Changing trends in global labour force

Nowadays, paid work is the main source of income for the vast majority of households across the world; hence, organisation of work can help to reinforce the core principles of equality, democracy, sustainability and social cohesion. With an estimated 7.74 billion people in the world, there is need to “promote sustained, inclusive and sustainable economic growth, full and productive employment and decent work for all”, Sustainable Development Goal (SDG) 8.

The number of workers living in extreme poverty has declined dramatically over two decades, despite the lasting impact of the 2008 economic crisis and global recession. However, as the global economy continues to recover, we are seeing slower growth, widening inequalities, and inadequate jobs to keep up with the growing population.
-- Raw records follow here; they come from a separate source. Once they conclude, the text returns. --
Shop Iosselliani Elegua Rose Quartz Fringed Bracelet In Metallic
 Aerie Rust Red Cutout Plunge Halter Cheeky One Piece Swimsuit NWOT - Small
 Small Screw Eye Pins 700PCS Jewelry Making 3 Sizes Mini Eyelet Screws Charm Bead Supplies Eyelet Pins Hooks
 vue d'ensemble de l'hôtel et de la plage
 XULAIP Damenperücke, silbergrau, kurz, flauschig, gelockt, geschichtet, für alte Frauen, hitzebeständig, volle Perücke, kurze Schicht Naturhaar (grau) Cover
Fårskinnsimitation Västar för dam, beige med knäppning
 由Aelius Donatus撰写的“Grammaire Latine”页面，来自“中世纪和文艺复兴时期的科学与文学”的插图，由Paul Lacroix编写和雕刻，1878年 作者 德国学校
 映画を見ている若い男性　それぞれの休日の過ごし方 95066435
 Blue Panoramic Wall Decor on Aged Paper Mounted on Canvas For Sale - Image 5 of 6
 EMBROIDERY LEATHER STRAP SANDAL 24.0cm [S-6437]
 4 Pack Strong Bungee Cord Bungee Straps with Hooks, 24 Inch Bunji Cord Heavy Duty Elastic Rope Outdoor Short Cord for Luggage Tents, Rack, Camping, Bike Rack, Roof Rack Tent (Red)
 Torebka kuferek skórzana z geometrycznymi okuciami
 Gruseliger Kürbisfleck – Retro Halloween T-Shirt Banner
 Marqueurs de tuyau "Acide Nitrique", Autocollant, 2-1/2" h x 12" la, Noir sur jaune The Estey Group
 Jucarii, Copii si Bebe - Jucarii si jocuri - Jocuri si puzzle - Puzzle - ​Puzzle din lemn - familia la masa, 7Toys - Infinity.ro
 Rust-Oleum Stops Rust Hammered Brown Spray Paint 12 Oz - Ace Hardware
In developing countries, the middle class makes up more than 34 percent of the total employment—a number that has almost tripled between 1991 and 2015. The least developed countries experienced annual Gross Domestic Product (GDP) growth rate of less than 5 per cent over the past five years, which means they have fallen short of the SDG 8 target of at least 7 per cent growth per annum.

Not more than 3.5 billion people (45.51 per cent) of the circa 7.59 billion people in the world are in employment in 2018; an insignificant 0.05 negative percentage change from the 7.51 billion people in 2017. Within the last 8 years, population growth had increased at an average rate of 1.17 per cent while global labour/workforce at an average rate of 0.01 per cent; whereas, the ratio of the workforce to the population had remained at an average of 45.46 per cent within the same period.

Analysis of the gender gap in labour statistics showed that the gap in labour force participation remains wide as the labour force continues to expand. Progress has been made in closing the gender gap participation rates until it stalled after 2003.

According to a report from the International Labour Organisation (ILO) 2019, the global gap in labour force participation rates between women and men stood at 27 percentage points in 2018. This is less than half of all the working-age women (48 per cent) that participated in the labour market; whereas, three-quarters of men (75 per cent) participated in the labour market in the same year.

The gender gap has been narrowing over two decades, mainly because the decline in the participation rate for women between 1993 and 2003 was much smaller than that for men.

Source: Worldbank, BRIU


Across the countries in 2018, there have been deficits of decent work as many took up unappealing jobs that were characterized by low pay, even as they experienced financial dissatisfaction, financial stress, unequal opportunities, financial insecurity, subjective economic well-being, substandard living, dissatisfaction with material possessions, economic deprivation, and economic insecurity, among others.

The global working-age population from 15 years and older across gender was 5.7 billion in 2018—out of which 172 million people (5 per cent global employment rate)were unemployed and 3.3 billion people (57.89 per cent) were in employment. These figures added up to the tune of 3.5 billion global labour force which represents a labour force participation rate of 61.4 per cent.

The remaining 2.2 billion people (38.6 per cent) of working-age were outside the labour force. They include those engaged in education, unpaid care work and those in retirement. Within this group, 140 million people comprising 85 million women and 55 million men were categorised as potential labour force—people who are looking for a job but are not yet available to take up employment, or who are available but are not looking for a job.

Of the 3.3 billion that were employed in the year under review, 1.72 billion people (52 per cent)were waged and salaried workers, 1.12 billion people (34 per cent)were own-account workers, 360 million people (11 per cent)were contributing family workers and 99 million people representing 3 per cent, were employers; all of whom are subsumed under 61 per cent informal workers and 39 per cent formal workers.

No less than one quarter (1/4) of workers in low and middle-income countries lived in extreme or moderate poverty, 16 per cent were moderately poor and 74 per cent were categorised as “not poor”.

Employment growth continued to decline as it is currently at 1 per cent in 2018. Labour force growth, on the other hand, slowed to 1.3 per cent between 2013 and 2018: a projection to fall even further to 1.1 per cent by 2030.

“In general, employment growth cannot persistently exceed labour force growth because otherwise, the employed population would eventually be larger than the labour force, which by definition is not possible”, according to the World Employment Social Outlook 2019.

Labour market challenges vary across countries and regions despite the continued decrease in the global unemployment rate. Consequently, there is a need to achieve sustainable development through the fostering of production, innovation, and optimisation of resource efficiency, as well as prioritising the well-being of the less affluent.